Understanding the redirect chain can be crucial for several reasons. From a security perspective, long or complicated redirect chains can be a sign of potential security risks, such as unencrypted redirects in the chain. Additionally, redirects can impact website performance and SEO, as each redirect introduces additional round-trip-time (RTT). For OSINT, understanding the redirect chain can help identify relationships between different domains or reveal the use of certain technologies or hosting providers.
TXT Records
TXT records are a type of Domain Name Service (DNS) record that provides text information to sources outside your domain. They can be used for a variety of purposes, such as verifying domain ownership, ensuring email security, and even preventing unauthorized changes to your website.

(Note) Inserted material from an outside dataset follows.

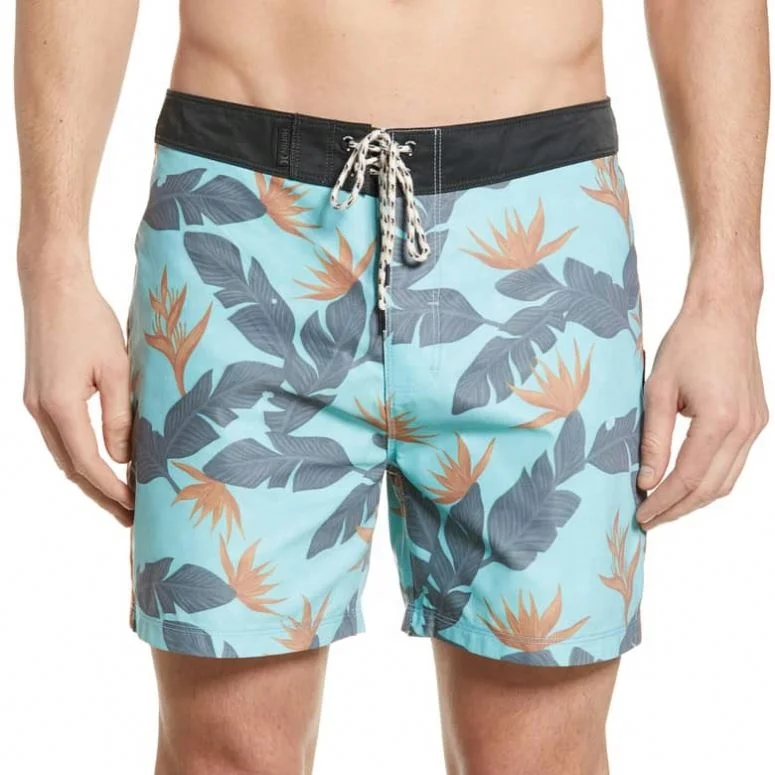 High Quality Sublimation 100%Polyester Good Beach Geometry Surfing Shorts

In the context of OSINT, TXT records can be a valuable source of information. They may reveal details about the domain's email configuration, the use of specific services like Google Workspace or Microsoft 365, or security measures in place such as SPF and DKIM. Understanding these details can give an insight into the technologies used by the organization, their email security practices, and potential vulnerabilities.
Open Ports
Open ports on a server are endpoints of communication which are available for establishing connections with clients. Each port corresponds to a specific service or protocol, such as HTTP (port 80), HTTPS (port 443), FTP (port 21), etc. The open ports on a server can be determined using techniques such as port scanning.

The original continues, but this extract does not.